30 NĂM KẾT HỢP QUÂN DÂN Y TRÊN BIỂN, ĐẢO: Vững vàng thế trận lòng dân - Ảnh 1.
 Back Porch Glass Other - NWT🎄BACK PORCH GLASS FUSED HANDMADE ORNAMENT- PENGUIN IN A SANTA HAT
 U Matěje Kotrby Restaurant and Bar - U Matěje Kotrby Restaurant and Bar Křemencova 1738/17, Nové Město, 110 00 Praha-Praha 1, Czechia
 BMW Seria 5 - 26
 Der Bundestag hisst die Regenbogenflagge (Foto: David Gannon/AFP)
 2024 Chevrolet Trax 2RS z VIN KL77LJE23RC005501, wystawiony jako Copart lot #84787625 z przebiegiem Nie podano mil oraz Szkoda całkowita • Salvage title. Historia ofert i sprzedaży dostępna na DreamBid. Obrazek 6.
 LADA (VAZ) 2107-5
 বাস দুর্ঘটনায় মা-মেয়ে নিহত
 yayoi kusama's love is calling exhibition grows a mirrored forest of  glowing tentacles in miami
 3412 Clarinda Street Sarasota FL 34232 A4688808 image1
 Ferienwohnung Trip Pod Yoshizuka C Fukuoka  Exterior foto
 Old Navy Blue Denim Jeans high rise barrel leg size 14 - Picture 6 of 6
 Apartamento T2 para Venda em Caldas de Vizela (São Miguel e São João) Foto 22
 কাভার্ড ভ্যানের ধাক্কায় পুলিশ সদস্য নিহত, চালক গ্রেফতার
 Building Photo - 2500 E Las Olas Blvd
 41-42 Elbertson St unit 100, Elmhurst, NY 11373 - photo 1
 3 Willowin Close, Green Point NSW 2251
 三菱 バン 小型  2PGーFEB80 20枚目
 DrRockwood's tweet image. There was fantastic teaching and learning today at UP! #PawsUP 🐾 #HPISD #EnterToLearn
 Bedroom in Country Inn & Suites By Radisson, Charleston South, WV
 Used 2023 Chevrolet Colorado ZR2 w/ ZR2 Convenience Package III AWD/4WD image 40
============================================================
Only lines that include "Chevrolet" belong in the answer; return them from the entries above.

 2024 Chevrolet Trax 2RS z VIN KL77LJE23RC005501, wystawiony jako Copart lot #84787625 z przebiegiem Nie podano mil oraz Szkoda całkowita • Salvage title. Historia ofert i sprzedaży dostępna na DreamBid. Obrazek 6.
 Used 2023 Chevrolet Colorado ZR2 w/ ZR2 Convenience Package III AWD/4WD image 40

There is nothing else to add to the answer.